The fate of many of Maine’s wage employees lies in the hands of 13 lawmakers on the Labor, Commerce, Research and Economic Development Committee.

They are currently debating a number of minimum wage bills that could be voted out of committee during the next few days. Since a minimum wage was first established in Maine more than a half-century ago, this is currently the longest stretch Maine have gone without an increase.

Maine workers can’t wait any longer.

Wages in this state are an average of 20 percent lower than wages across the U.S., according to Charles Colgan, associate director of the University of Southern Maine Center for Business and Economic Research.

Maine workers find themselves working at least full-time but still living in or near poverty, while having to care for their families at the same time. They have seen the prices of everything go up except the price of their undervalued labor, and they are tired of being thrown a small token raise every five or six years.

They want meaningful, lasting change.

What is often missing from the minimum wage debate is an informed discussion about inflation.

Opponents of raising wages often claim that an increase will cause goods and services to cost more. In reality, inflation has been happening anyway, as it does in any advanced economy.

When this happens without an increase in wages, workers become less able to pay the increased cost of the goods and services they need to survive. For example, in the late 1960s the minimum wage had the buying power of about $10.50 in today’s dollars, significantly higher than $7.50.

As a fix to this problem, some of my colleagues have introduced minimum wage bills that “index” to inflation, which is to say that if inflation goes up, say 2 percent in a year, the minimum wage will rise 2 percent, as well.

I introduced a minimum wage bill, LD 843, that goes a step further.

I believe Maine workers have been working at a very generous 20 percent discount for too long. They deserve the same respect that many workers across the nation already enjoy. That is why my bill would index the minimum wage to the national average wage instead of the rate of inflation. That would ensure that as other workers across the nation enjoy raises, so would Maine wage workers.

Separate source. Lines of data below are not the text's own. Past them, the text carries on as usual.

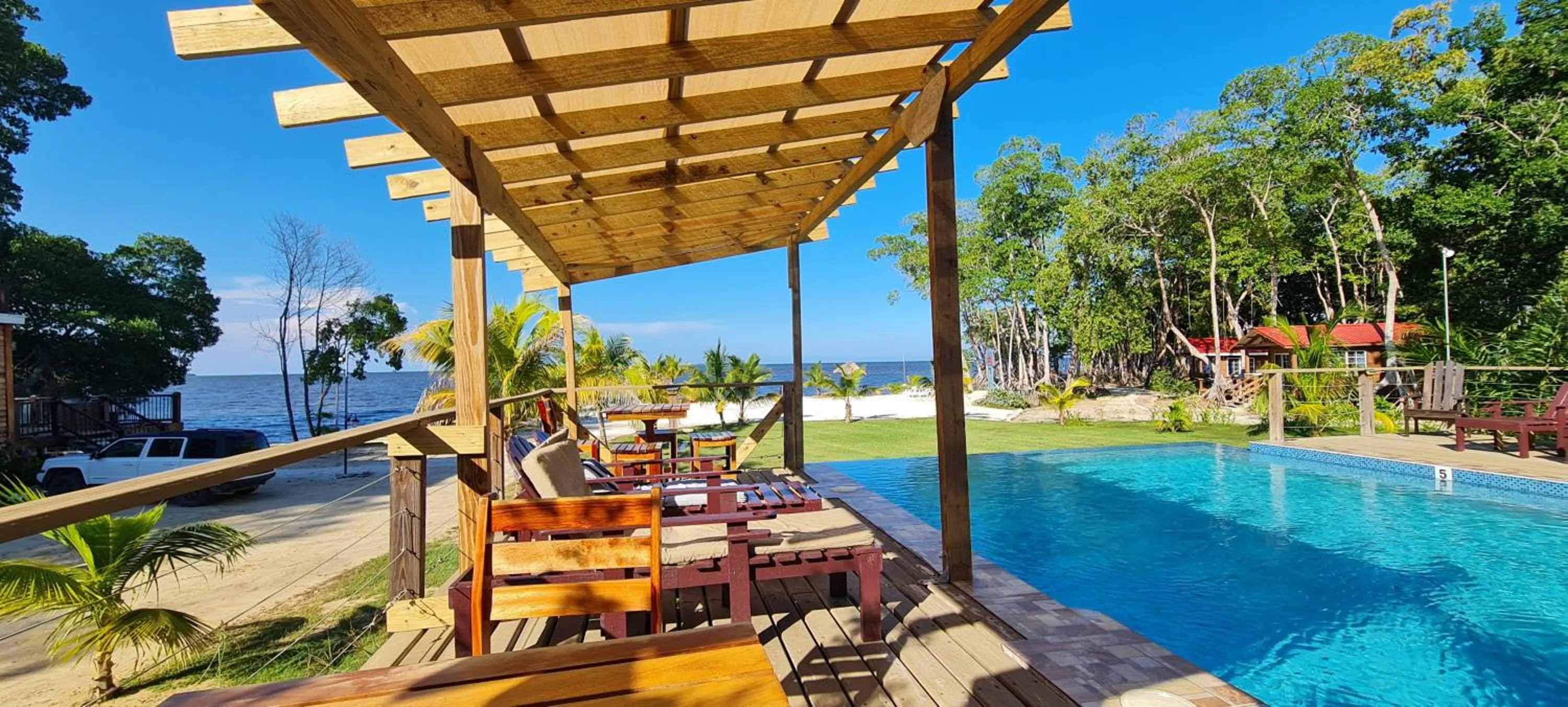 Swimming pool in Seaside Chateau Resort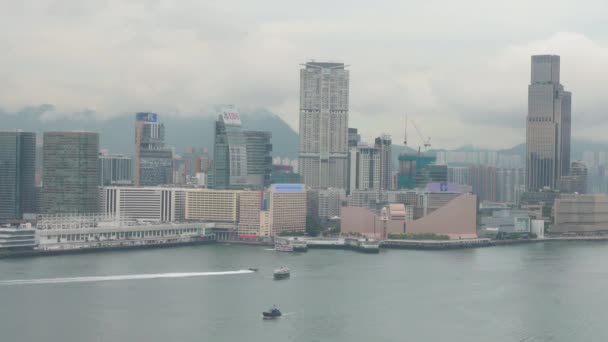 在香港维多利亚港及九龙区的天际线可看到海上交通 — 图库视频影像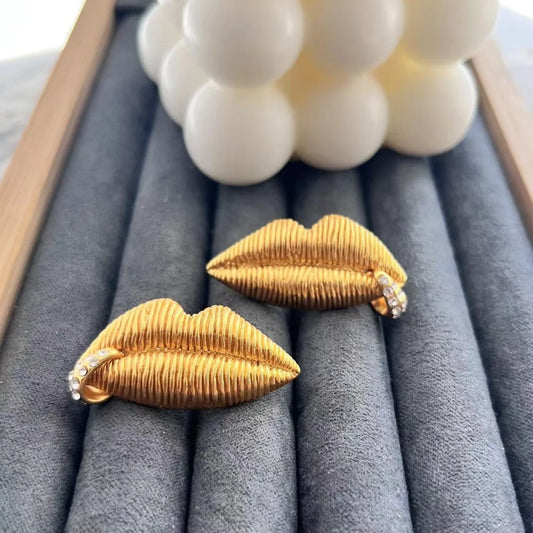 Mouth Shape Earrings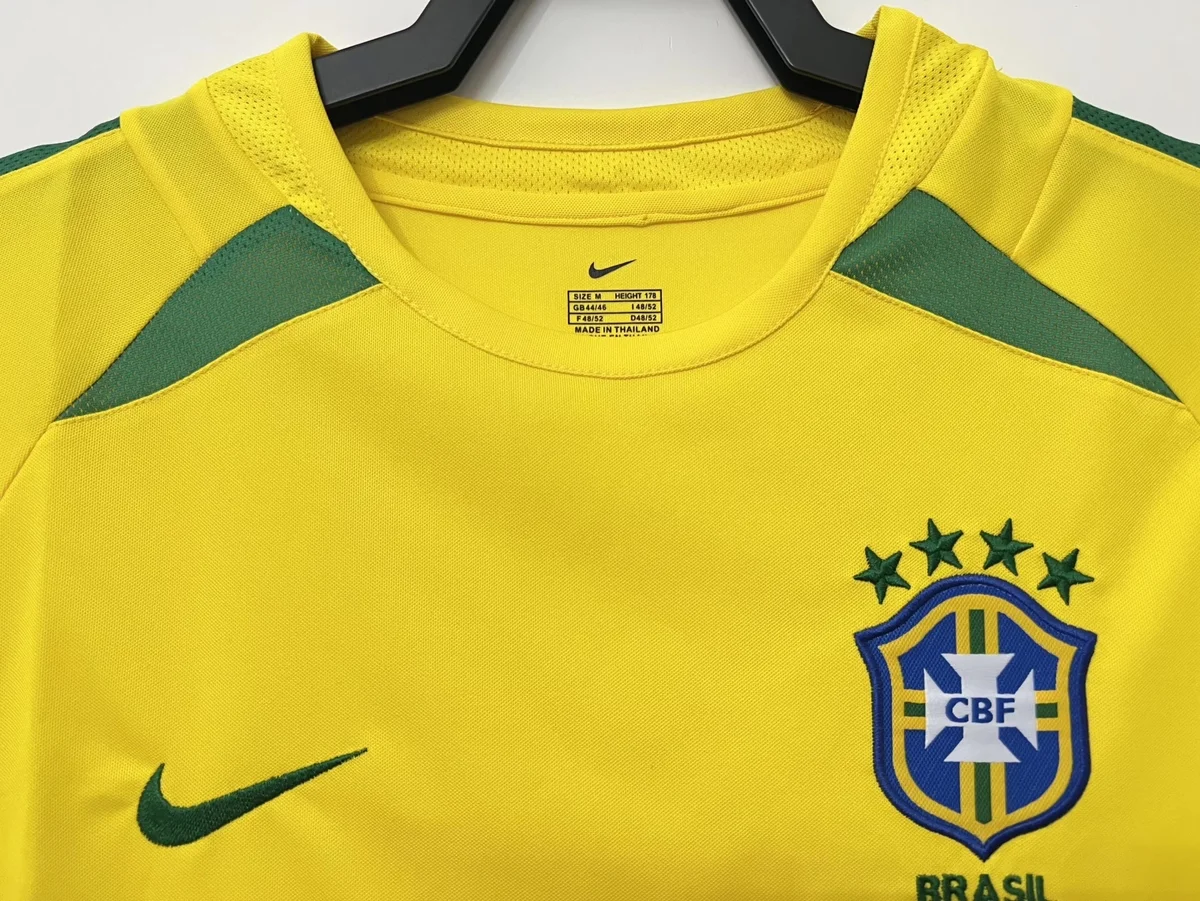 Camiseta Brasil Local 2002 retro foto 4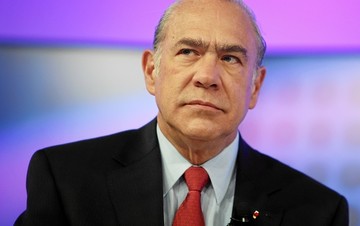 Ο Μεξικανός Άνχελ Γκουρία παραμένει επικεφαλής του ΟΟΣΑ έως το 2021
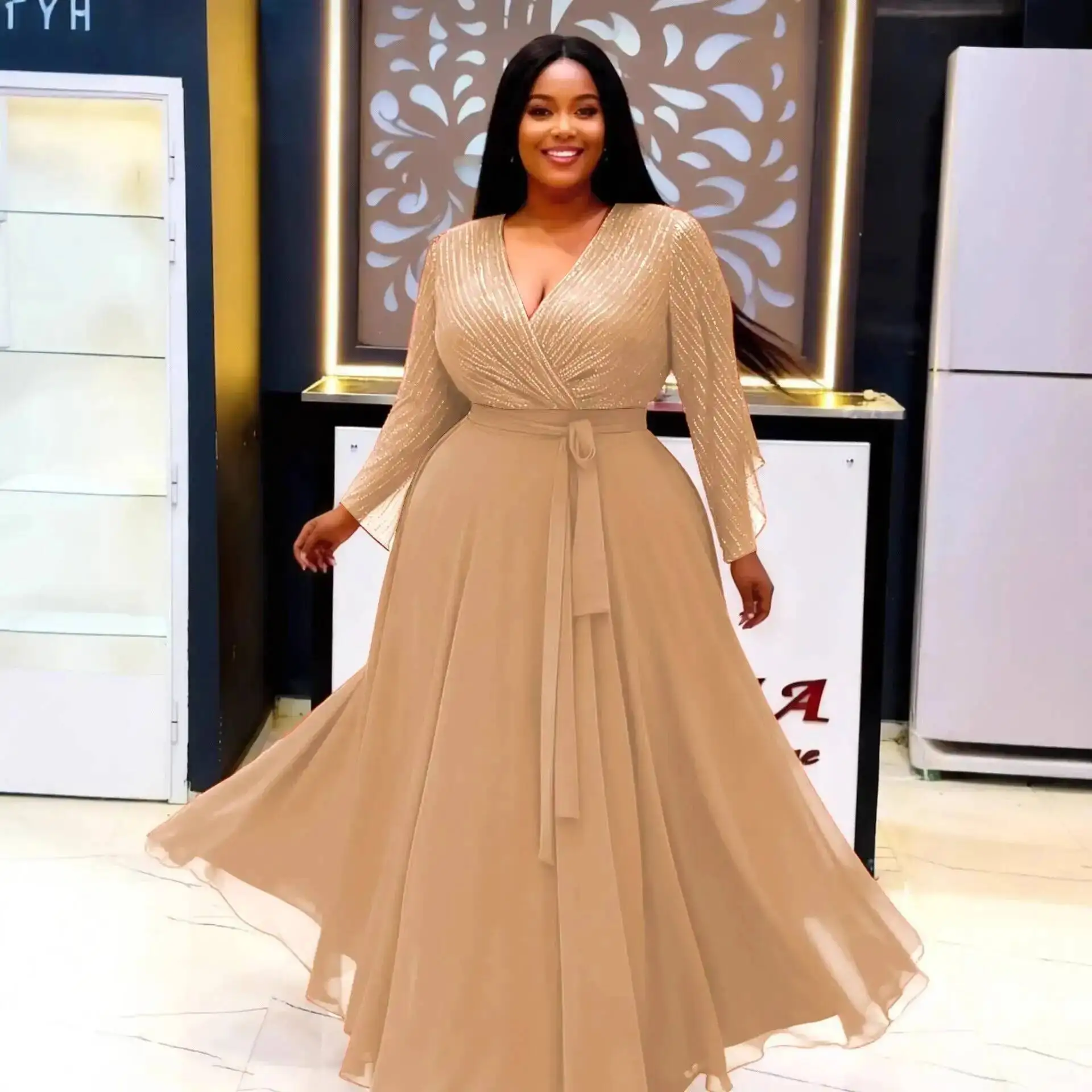 

Plus-size Women's Sequin V-neck Dress, Slimming And Elegant Gown With A Large Hem For Plus-size Ladies, Suitable For Parties Y2K
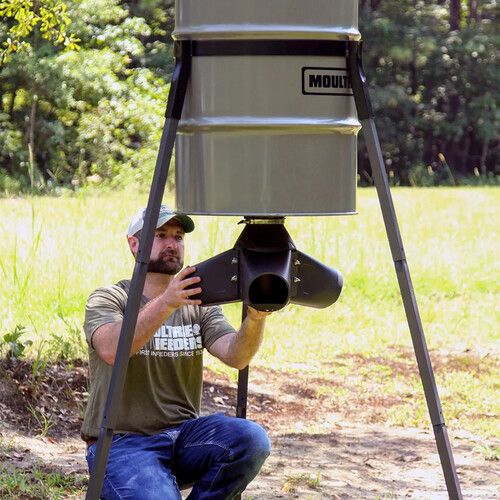  Moultrie 55-Gallon Gravity Tripod Feeder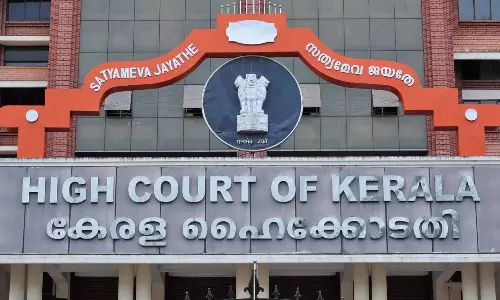 സംസ്ഥാനത്ത് പരസ്യ ബോർഡുകൾക്ക് നിയന്ത്രണമേർപ്പെടുത്തി ഹൈക്കോടതി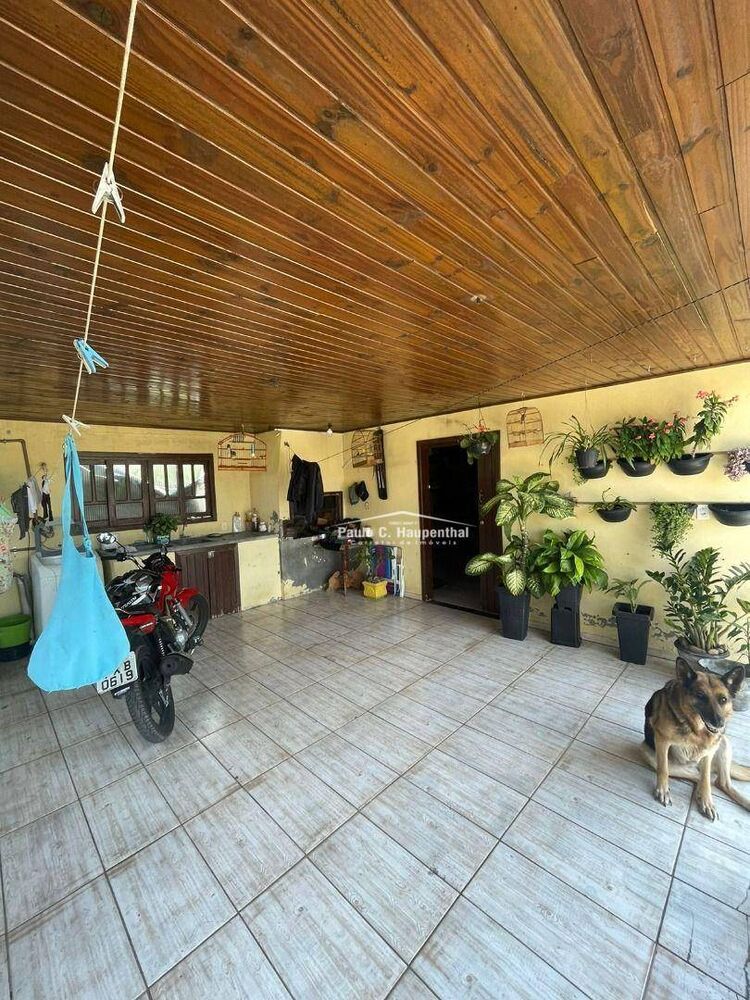 Casa à venda com 4 quartos, 170m² - Foto 2
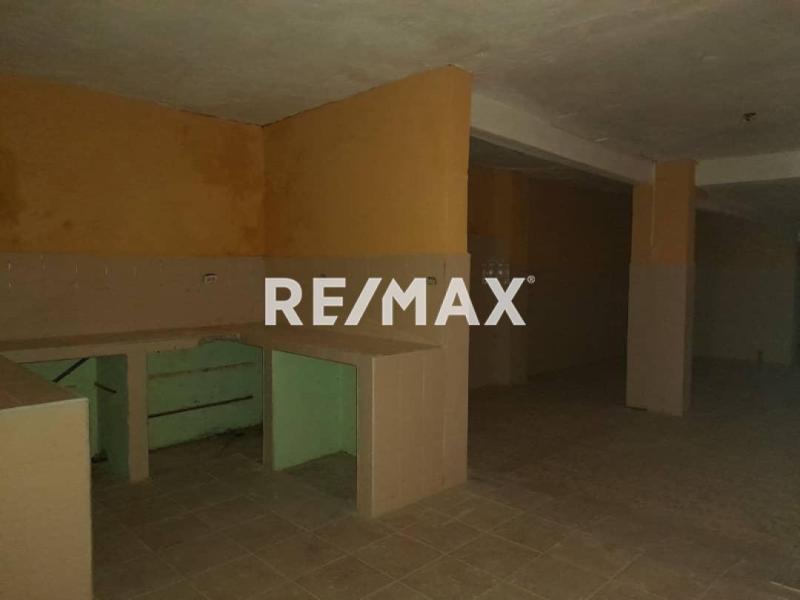 Edificio en Venta, Calle Garcés, Centro de Punto Fijo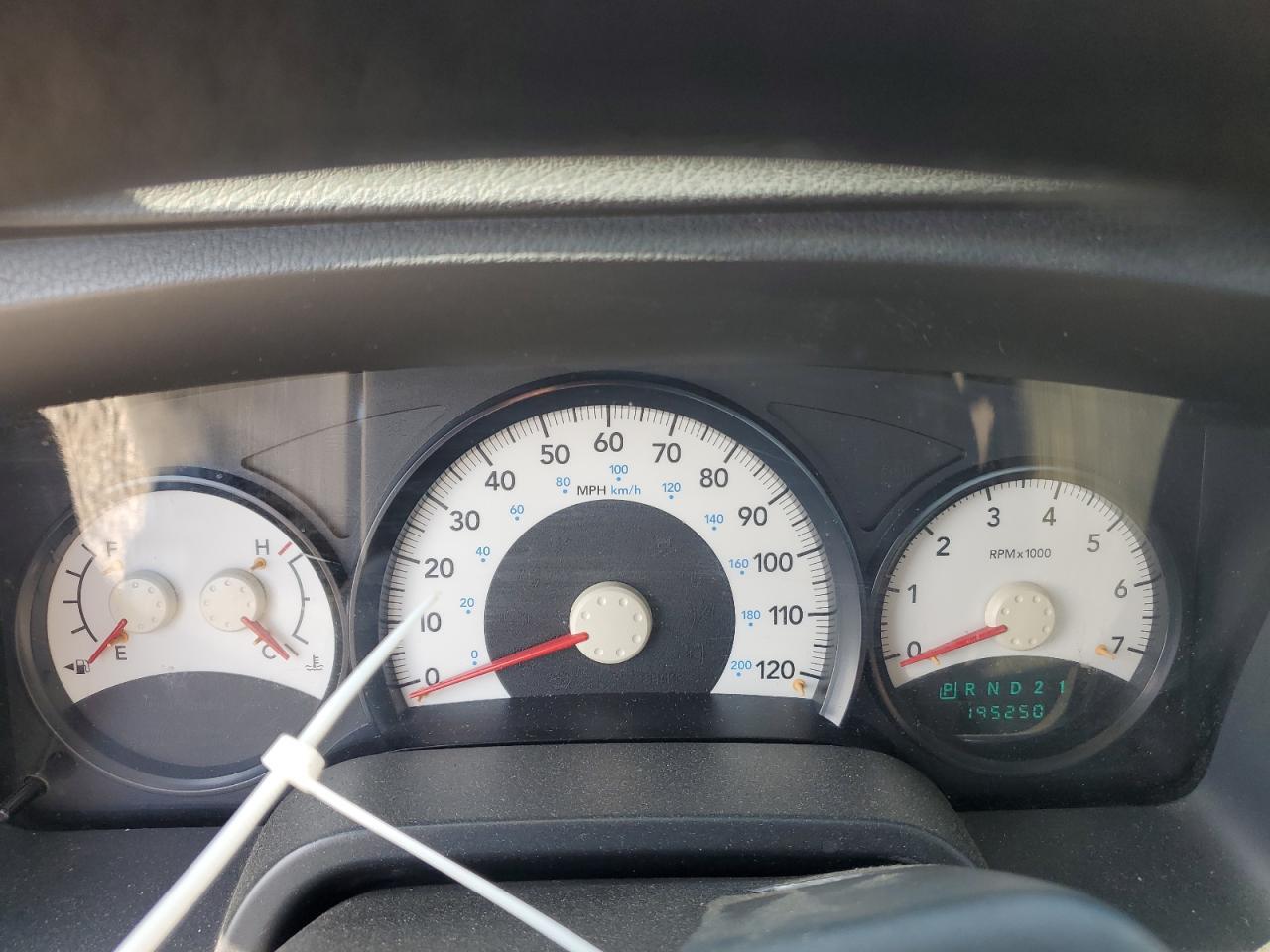 2011 DODGE Dakota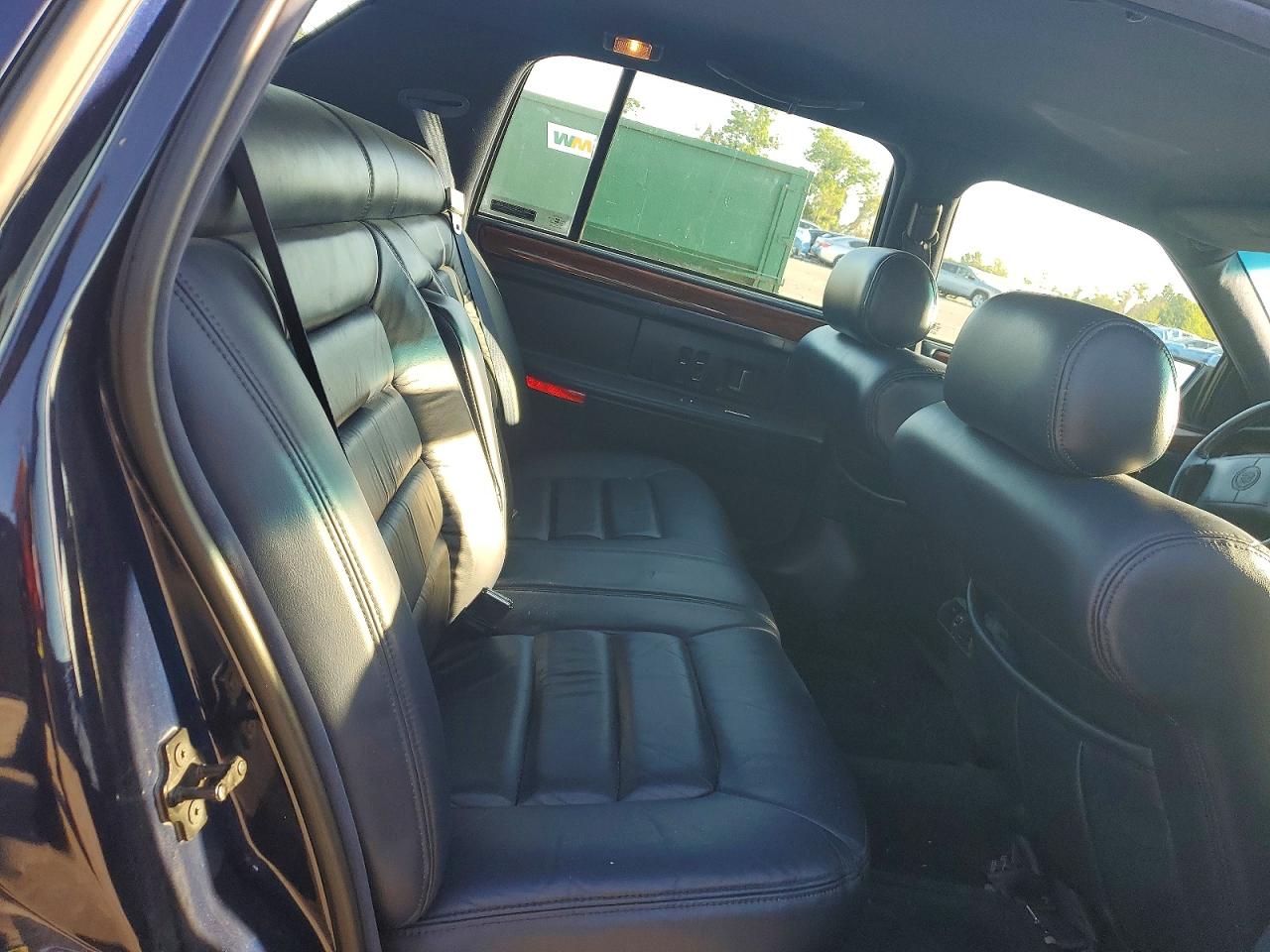 CADILLAC DEVILLE 1994 — 11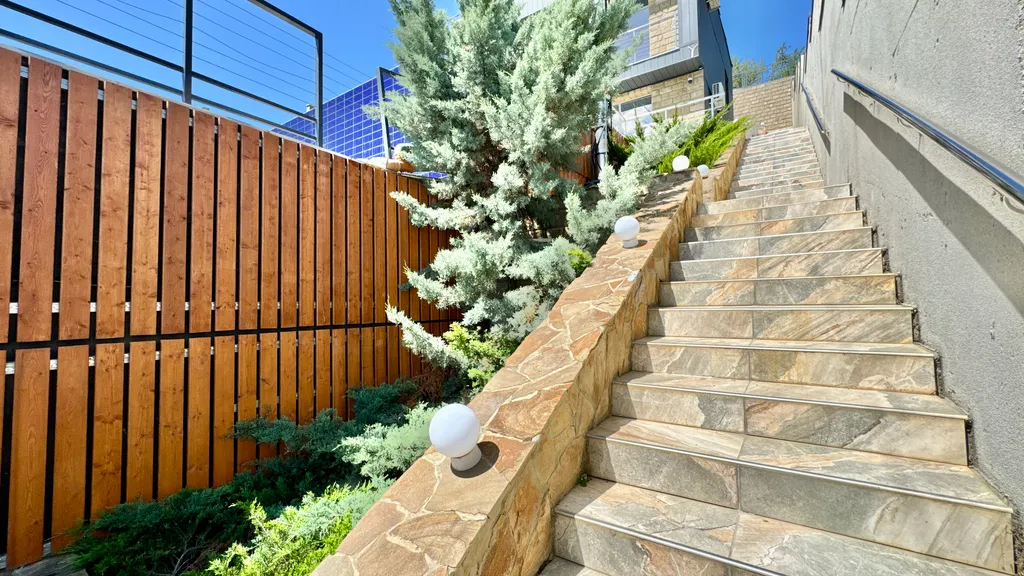 Дом с видом на горы и море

My bill would gradually raise the minimum wage to $12 through the course of five years and, at that point, index it to a national standard. This would give Maine workers a reasonable raise and also take the minimum wage issue out of the hands of politicians.

Critics of raising the wage state that it would cause job losses, but this has not proved to be true in other states. According to the Federal Department of Labor, those states and cities that have recently raised the minimum wage have added jobs to their economy at a faster rate than those that have not.

Most importantly, however, raising the minimum wage is the right thing to do. Maine wage workers should be able to rely on decent and humane minimum standards in the workplace and should share in whatever wealth they have helped to create. They know their labor is worth considerably more than what they are being paid, and they deserve a fair deal.

Rep. Gina Melaragno represents House District 62 in Auburn.